面前的劉二狗帶著一群地痞,身后的挖掘機發出轟隆的響聲。
"今天這破房子必須拆掉!"劉二狗的聲音像刀子一樣刺耳。
就在挖掘機鏟斗緩緩抬起的那一刻,一陣急促的喇叭聲劃破了空氣。
三輛黑色奔馳猛地停在了老屋門口,車門打開,走下幾個西裝革履的年輕人。
其中一人的聲音如一道驚雷,響徹整個院落。
01
李建國放下手中的掃帚,看著院子里那棵陪伴了他大半輩子的老槐樹。秋風蕭瑟,黃葉飄零,就像他現在的處境一樣。
"老伙計,咱們又要熬過一個冬天了。"他輕撫著粗糙的樹皮,喃喃自語。
七十三歲的他,每天的生活規律得像上了發條的鐘表。
天剛亮就起床,先打掃院子,然后澆澆那一小塊菜園,最后坐在門口的小馬扎上,看著胡同里來來往往的行人。
偶爾有熟悉的面孔經過,他會點頭示意,但更多的時候,他只是一個人靜靜地坐著。
這個位于城西老胡同里的房子,是他在這世上唯一的根。
三間青磚瓦房,雖然墻皮斑駁得像老人臉上的皺紋,屋頂也有幾處漏雨,但對李建國來說,這里裝著他全部的回憶。
房梁上還掛著當年他親手做的鳥籠,墻角堆放著各種舍不得扔的老物件。
"李大爺,又在收拾院子呢?"
鄰居王大媽提著剛買的菜籃子走過來,里面裝著新鮮的白菜和蘿卜。她五十多歲,是這條胡同里少有的熱心人。

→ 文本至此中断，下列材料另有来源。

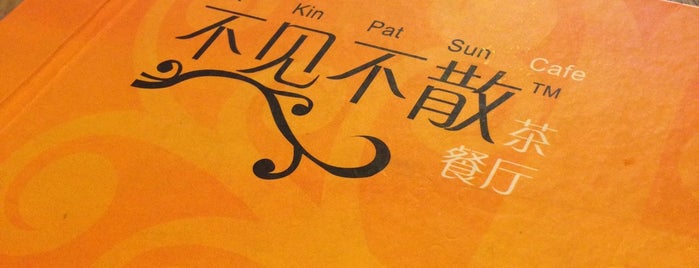 Pat Kin Pat Sun Cafe (不见不散) is one of Ct7.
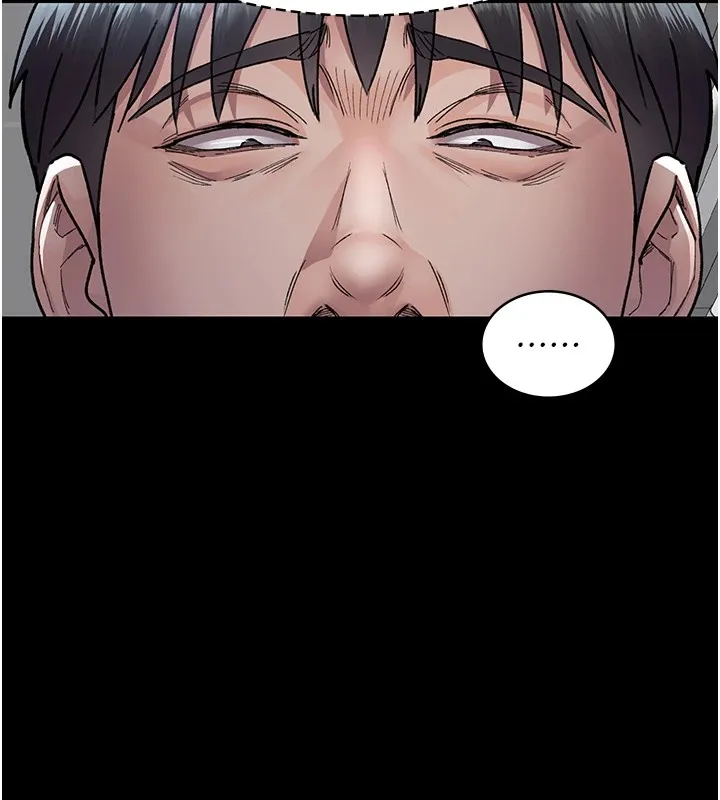 夜间诊疗室 - 第87話-屈服在我之下吧 - page 108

"閑著也是閑著,收拾收拾心里舒坦。"李建國放下掃帚,拍了拍手上的灰塵。
"聽說咱們這片要拆遷了,你打算怎么辦?"王大媽壓低聲音,神秘兮兮地說,"昨天開發商的人又來了,挨家挨戶地談。"
李建國苦笑著搖搖頭:"拆就拆吧,反正我一個老頭子,去哪都一樣。反正也活不了幾年了。"
"那可不行!你得爭取啊!"王大媽著急地放下菜籃子,"這可是你的祖宅,傳了好幾代了!我聽說別的地方拆遷,一戶能補償好幾百萬呢!"

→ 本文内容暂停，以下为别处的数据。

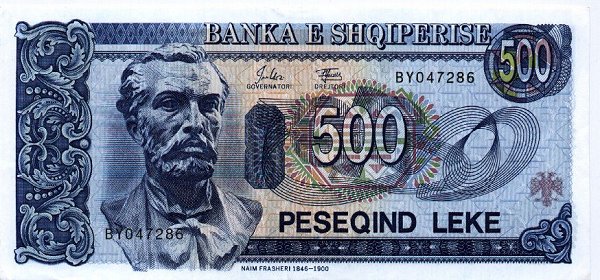 Front of Albania p57a: 500 Leke from 1994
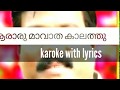 Aararum Avatha Kalathu Karaoke with lyrics Kalabhavan Mani, karaoke , karoke malayalam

"幾百萬?"李建國冷笑一聲,"就我這破房子,能值幾個錢?再說了,我一個孤老頭子,要那么多錢干什么?"
"李大爺,您可不能這么想!"王大媽急得直跺腳,"錢多錢少是一回事,但不能讓人家白白占了便宜啊!您說是不是?"
李建國沉默了一會兒,目光落在院子里那口老井上。那是他父親當年親手挖的,井水清甜,夏天的時候還能鎮西瓜。
"爭什么爭,我一個孤老頭子,能爭得過誰?人家有錢有勢,我有什么?"
"話不能這么說,咱們有理啊!"王大媽試圖說服他,"而且現在不是有法律保護嗎?"
"法律?"李建國搖搖頭,"王大媽,你還是太天真了。有錢能使鬼推磨,這個道理你不懂嗎?"

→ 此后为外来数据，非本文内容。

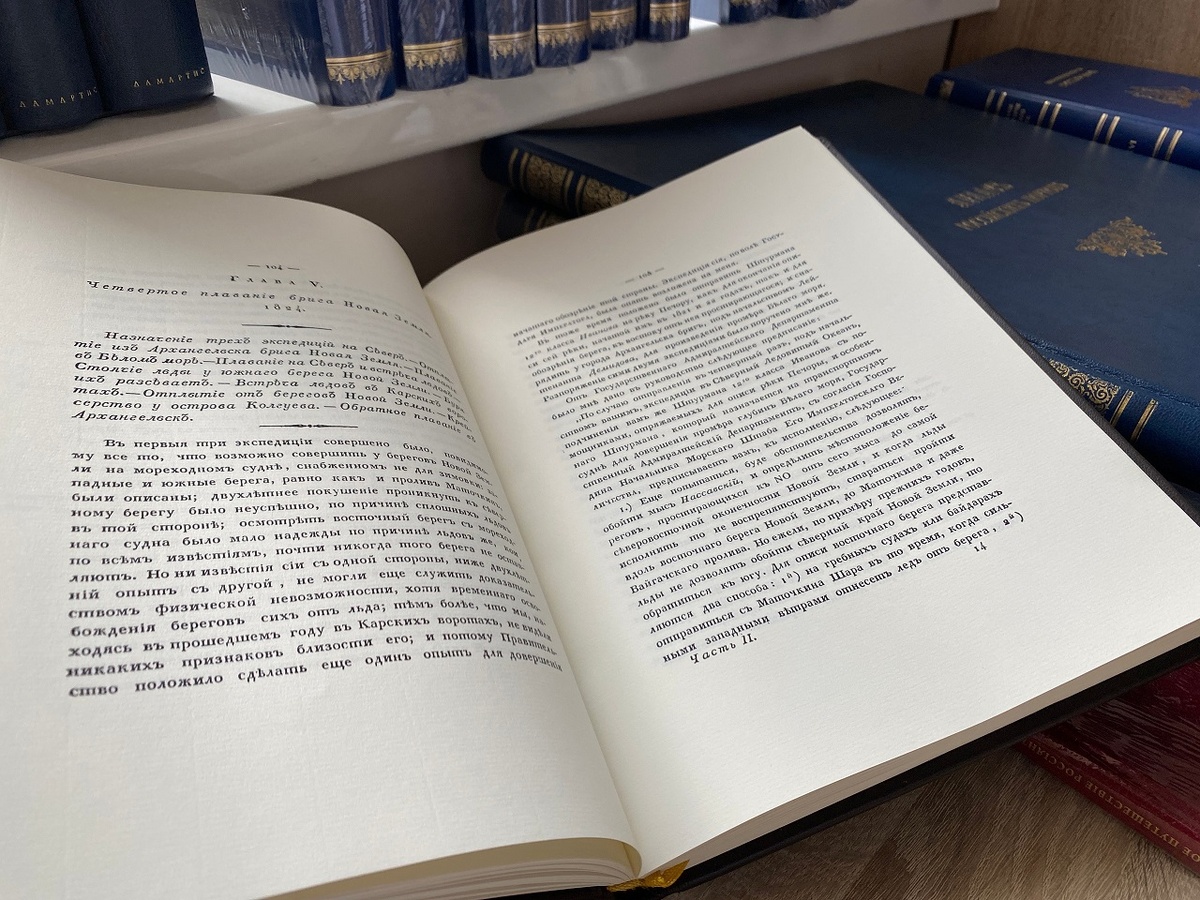    пресс-служба ММО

王大媽嘆了口氣,看著李建國那張布滿皺紋的臉,突然說道:"要是你那幾個兒子還在就好了,至少有人幫你撐腰......"
話音未落,李建國的臉色瞬間變得鐵青,眼中閃過一絲痛苦:"別提他們!"
"李大爺,我不是那個意思......"王大媽意識到自己說錯了話,連忙道歉。
"沒事,你忙去吧。"李建國轉身進了屋子,留下王大媽在原地尷尬地站著。
屋子里很暗,只有從窗戶透進來的一絲光亮。
墻上掛著一張發黃的全家福,照片中的一家人笑容燦爛,但現在只剩下他一個人了。李建國看著照片,眼中蒙上了一層水霧。
02
第二天一早,李建國剛起床,就聽到院子里傳來嘈雜的聲音。他透過窗戶往外看,發現有幾個陌生人在院子里指指點點,還有人在用卷尺測量。
"咚咚咚!"
急促的敲門聲響起。
"誰啊?"李建國一邊穿衣服一邊問。
"開門!拆遷辦的!"
李建國整理了一下衣服,慢慢走到院門前。打開門,看到門外站著幾個穿著制服的人,為首的是一個大腹便便的中年男子,臉上掛著公式化的笑容。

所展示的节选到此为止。